Mobilidade de capitais – é condição necessária para entrar rapidamente em mercados “baratos” e sair quando a bolha explode. Qualquer política prudencial recomendaria prazos mínimos de permanência desse capital gafanhoto. Na gestão neoliberal, é anátema, expondo o país à toda sorte de jogadas, como ocorreu em fins de 1998, 2002 e 2009. E, antes disso, no início da República até o país quebrar, em 1932.

Políticas de controle da inflação – toda a estratégia consiste em elevar os juros acima da inflação esperada (como é o caso da política de metas inflacionárias). Afeta o emprego, a produção, mas preserva-se o valor do capital.

Política cambial e de juros – interessa apenas a apreciação do real.Se um investidor trouxer US$ 100 milhões com o dólar a R$ 2,20 e o dólar for a R$ 1,80, só por conta da valorização do real ele sairá do país com US$ 122,2 milhões.  Se aplicar a uma Selic de 12%, sairá com US$ 140 milhões. Se, pelo contrário, na saída o dólar estiver a R$ 2,50, só pelo efeito câmbio seu capital será reduzido para US$ 88 milhões. Esse negócio extremamente rentável fica comprometido quando a relação dívida/PIB torna-se muito alta; ou quando as contas externas se deterioram. Logo, a  perpetuidade desse negócio depende de superávits fiscais robustos.

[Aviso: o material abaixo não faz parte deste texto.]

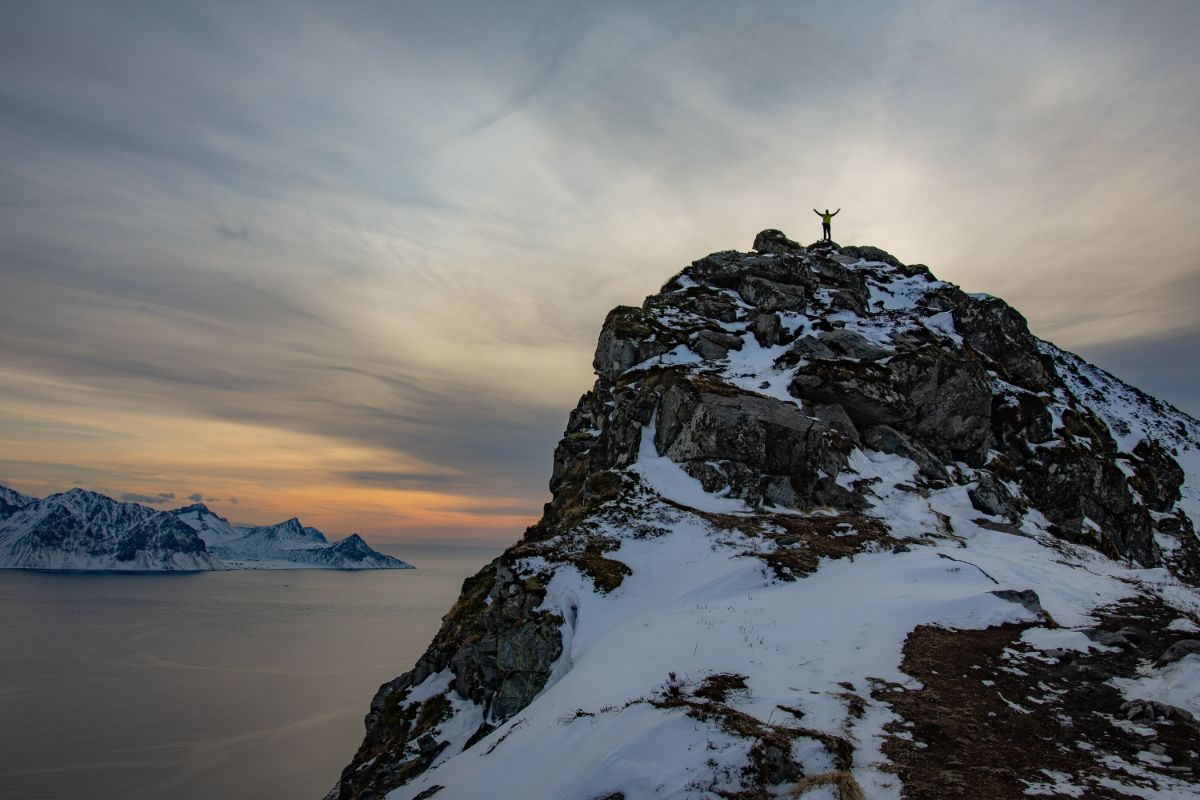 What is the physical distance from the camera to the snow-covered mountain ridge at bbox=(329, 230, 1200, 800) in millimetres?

Superávit fiscal – Cada tostão aplicado em programas sociais tira espaço do capital financeiro para continuar ganhando com a dívida pública. É por aí que se dá a disputa. Daí porque programas como o Bolsa Família, Reuni, Prouni, crédito agrícola jamais serão prioritários em um governo neoliberal.

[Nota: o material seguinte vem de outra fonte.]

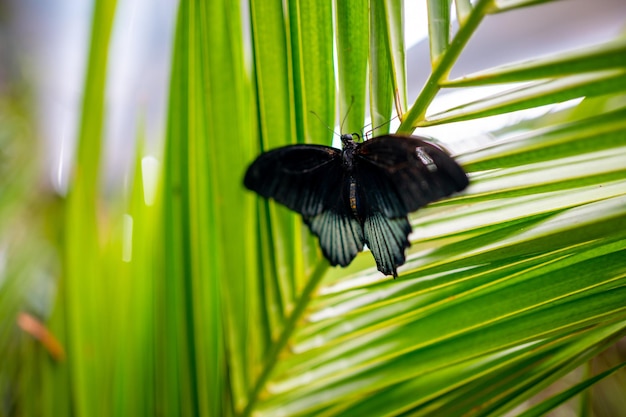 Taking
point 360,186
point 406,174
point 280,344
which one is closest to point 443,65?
point 406,174

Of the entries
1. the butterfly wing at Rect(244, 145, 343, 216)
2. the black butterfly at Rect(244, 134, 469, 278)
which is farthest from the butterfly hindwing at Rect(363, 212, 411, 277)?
the butterfly wing at Rect(244, 145, 343, 216)

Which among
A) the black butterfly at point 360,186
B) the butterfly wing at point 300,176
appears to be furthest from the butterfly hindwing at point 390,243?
the butterfly wing at point 300,176

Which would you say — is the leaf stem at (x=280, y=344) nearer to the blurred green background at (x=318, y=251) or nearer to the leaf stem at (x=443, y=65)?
the blurred green background at (x=318, y=251)

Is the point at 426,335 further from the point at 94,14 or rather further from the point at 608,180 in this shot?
the point at 94,14

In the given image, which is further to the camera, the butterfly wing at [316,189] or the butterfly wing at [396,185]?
the butterfly wing at [316,189]

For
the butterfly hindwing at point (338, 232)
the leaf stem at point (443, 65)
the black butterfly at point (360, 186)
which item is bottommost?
the butterfly hindwing at point (338, 232)

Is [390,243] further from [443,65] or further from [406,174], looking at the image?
[443,65]

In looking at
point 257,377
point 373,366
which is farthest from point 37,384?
point 373,366

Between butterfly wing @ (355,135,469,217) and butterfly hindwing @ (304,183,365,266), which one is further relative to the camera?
butterfly hindwing @ (304,183,365,266)

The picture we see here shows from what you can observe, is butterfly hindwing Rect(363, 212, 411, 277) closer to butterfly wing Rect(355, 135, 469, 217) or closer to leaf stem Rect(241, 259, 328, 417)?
butterfly wing Rect(355, 135, 469, 217) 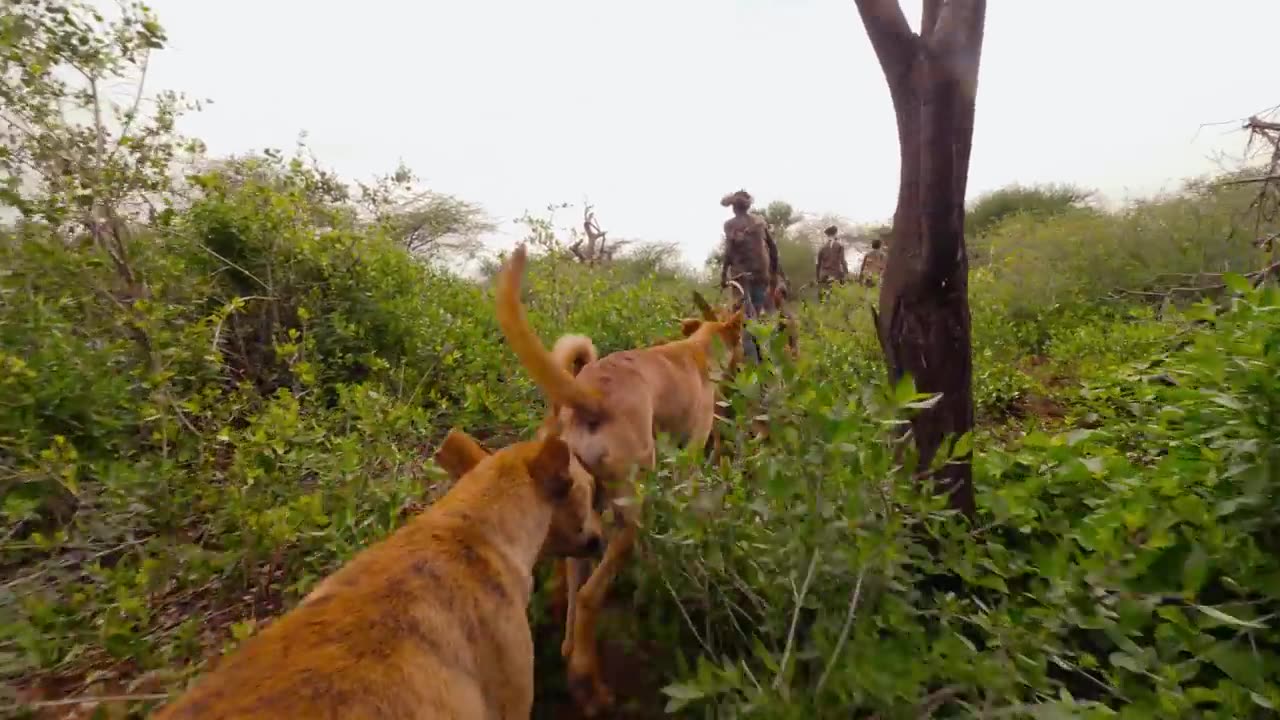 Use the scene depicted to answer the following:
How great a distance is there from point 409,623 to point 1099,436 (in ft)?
11.5

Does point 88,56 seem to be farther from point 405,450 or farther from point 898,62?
point 898,62

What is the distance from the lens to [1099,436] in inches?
132

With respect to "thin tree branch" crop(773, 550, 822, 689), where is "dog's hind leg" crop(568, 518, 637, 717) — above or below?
below

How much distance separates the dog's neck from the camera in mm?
2168

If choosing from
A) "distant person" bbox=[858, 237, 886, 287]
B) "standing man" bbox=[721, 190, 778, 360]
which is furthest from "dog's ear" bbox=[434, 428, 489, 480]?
"distant person" bbox=[858, 237, 886, 287]

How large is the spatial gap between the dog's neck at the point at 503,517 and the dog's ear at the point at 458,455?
26 cm

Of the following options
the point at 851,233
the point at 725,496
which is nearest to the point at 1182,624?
the point at 725,496

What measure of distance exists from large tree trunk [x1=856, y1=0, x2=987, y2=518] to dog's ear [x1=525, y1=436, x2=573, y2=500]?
1.62 meters

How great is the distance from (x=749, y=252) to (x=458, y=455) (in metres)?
7.56

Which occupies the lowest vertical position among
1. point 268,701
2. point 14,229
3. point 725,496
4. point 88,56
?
point 725,496

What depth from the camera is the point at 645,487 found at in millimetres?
2521

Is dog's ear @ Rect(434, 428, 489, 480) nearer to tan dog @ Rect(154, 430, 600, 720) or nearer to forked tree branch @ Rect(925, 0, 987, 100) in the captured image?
tan dog @ Rect(154, 430, 600, 720)

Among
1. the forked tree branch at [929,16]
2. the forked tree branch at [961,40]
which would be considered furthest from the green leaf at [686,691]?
the forked tree branch at [929,16]

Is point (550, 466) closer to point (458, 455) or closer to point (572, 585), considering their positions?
point (458, 455)
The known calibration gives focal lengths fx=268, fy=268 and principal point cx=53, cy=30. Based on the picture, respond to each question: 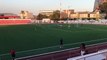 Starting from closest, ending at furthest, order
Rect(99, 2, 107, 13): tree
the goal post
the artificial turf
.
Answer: the goal post < the artificial turf < Rect(99, 2, 107, 13): tree

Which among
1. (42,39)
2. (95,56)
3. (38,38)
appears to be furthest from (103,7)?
(95,56)

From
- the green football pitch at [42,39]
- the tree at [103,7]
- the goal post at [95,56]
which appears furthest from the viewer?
the tree at [103,7]

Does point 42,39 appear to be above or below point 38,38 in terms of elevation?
above

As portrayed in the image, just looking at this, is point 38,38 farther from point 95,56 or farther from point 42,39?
point 95,56

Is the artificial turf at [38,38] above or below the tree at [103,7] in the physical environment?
above

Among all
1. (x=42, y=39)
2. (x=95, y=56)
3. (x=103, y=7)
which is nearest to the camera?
(x=95, y=56)

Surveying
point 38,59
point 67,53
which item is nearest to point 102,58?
point 38,59

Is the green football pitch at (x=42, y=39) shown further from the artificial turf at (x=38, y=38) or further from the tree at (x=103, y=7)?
the tree at (x=103, y=7)

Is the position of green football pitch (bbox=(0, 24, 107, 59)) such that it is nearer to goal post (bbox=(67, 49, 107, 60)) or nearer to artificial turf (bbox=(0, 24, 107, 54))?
artificial turf (bbox=(0, 24, 107, 54))

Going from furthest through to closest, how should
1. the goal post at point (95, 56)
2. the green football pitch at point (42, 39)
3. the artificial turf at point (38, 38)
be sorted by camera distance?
the artificial turf at point (38, 38), the green football pitch at point (42, 39), the goal post at point (95, 56)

Bancos públicos – Um setor em crise de capitalização é barato. Basta o financista comprar a empresa ou parte dela, injetar capital para imediatamente haver um salto no seu valor. O mesmo vale para empresas que precisam se capitalizar para crescer. Ao prover capital para esses setores, o BNDES tira mercado e protagonismo dos fundos de investimento.

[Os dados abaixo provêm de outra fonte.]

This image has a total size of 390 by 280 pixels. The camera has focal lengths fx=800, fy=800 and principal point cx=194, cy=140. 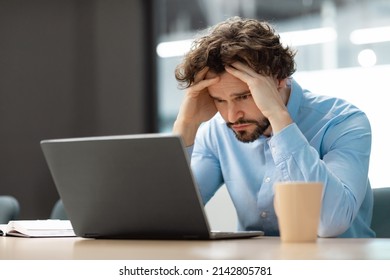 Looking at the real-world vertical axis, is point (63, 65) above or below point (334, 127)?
above

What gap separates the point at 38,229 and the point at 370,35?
9.58 feet

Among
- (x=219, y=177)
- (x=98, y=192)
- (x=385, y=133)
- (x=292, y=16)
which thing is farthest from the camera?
(x=292, y=16)

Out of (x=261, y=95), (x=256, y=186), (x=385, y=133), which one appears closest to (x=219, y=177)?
(x=256, y=186)

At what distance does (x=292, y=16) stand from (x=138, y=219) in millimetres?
3186

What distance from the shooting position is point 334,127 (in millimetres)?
2107

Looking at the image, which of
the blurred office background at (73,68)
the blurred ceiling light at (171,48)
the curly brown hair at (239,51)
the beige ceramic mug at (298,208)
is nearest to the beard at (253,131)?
the curly brown hair at (239,51)

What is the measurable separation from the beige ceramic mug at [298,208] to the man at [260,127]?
1.56ft

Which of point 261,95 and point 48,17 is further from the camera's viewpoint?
point 48,17

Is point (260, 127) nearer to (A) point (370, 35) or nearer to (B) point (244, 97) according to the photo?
(B) point (244, 97)

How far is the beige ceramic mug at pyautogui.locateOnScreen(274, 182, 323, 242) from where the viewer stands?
1333 millimetres

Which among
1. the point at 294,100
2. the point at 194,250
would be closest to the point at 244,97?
the point at 294,100

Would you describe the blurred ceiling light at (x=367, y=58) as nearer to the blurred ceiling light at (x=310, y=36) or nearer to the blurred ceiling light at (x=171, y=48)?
the blurred ceiling light at (x=310, y=36)

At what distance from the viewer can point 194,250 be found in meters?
1.26

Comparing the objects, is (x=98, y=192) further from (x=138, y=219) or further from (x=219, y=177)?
(x=219, y=177) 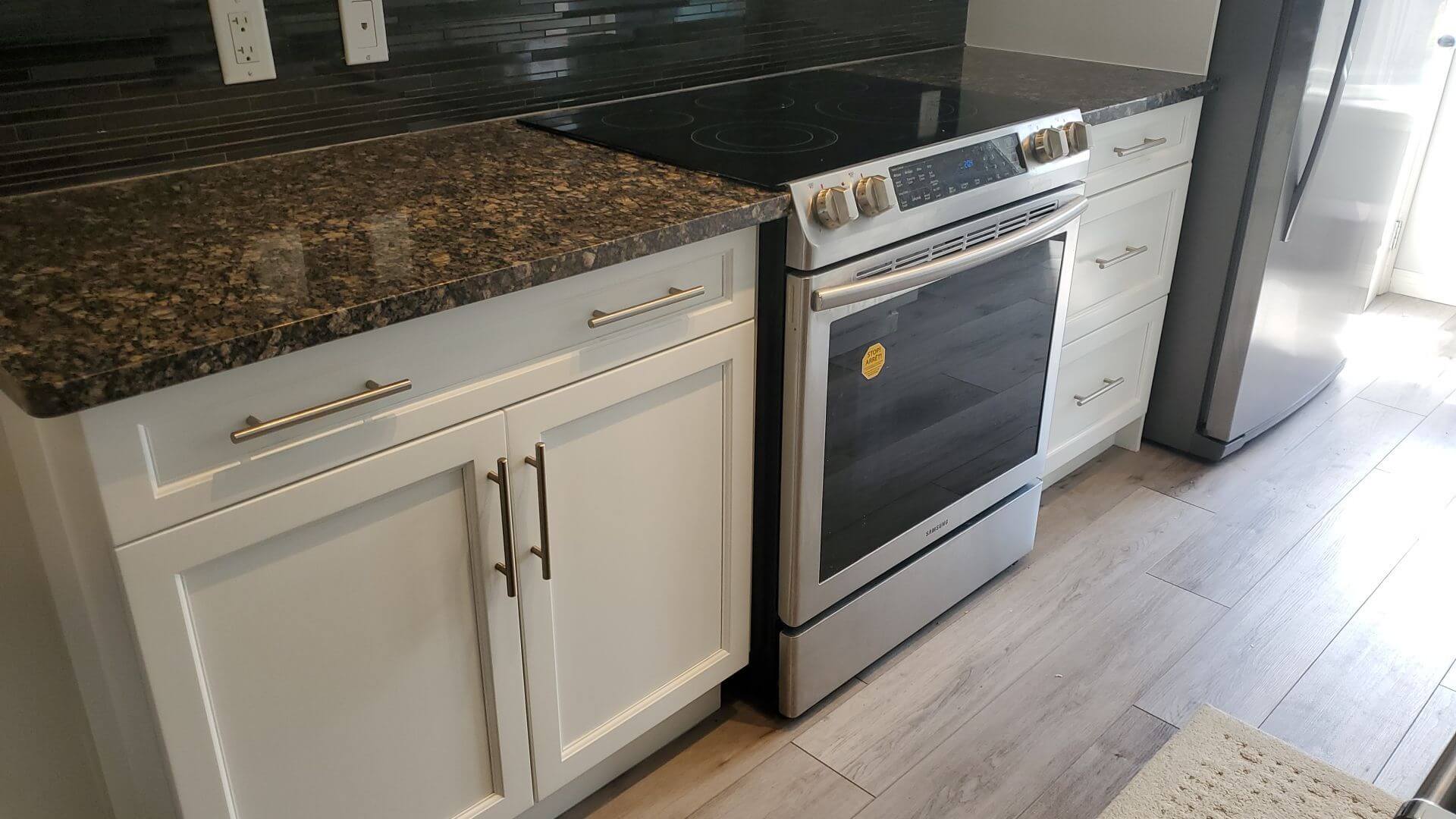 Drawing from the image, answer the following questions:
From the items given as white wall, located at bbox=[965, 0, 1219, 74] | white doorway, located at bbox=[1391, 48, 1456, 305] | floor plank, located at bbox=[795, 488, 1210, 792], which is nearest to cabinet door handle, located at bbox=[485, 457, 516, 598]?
floor plank, located at bbox=[795, 488, 1210, 792]

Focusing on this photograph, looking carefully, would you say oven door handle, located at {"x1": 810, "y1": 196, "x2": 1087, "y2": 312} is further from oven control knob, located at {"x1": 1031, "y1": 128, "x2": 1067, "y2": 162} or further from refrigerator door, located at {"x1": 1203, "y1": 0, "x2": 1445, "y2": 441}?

Política agrícola – o foco do mercado é a grande propriedade agrícola apta a receber financiamento em dólares ou investimento. O crédito agrícola é uma pedra no caminho por fortalecer a pequena e média propriedade, amenizando a concentração fundiária. Em todos os setores, o desenvolvimento se dá pelo fortalecimento das cadeias produtivas, as teias econômicas de pequenas e médias empresas em torno das maiores. Já a lógica do grande capital é o da concentração econômica, da criação de empresas globais.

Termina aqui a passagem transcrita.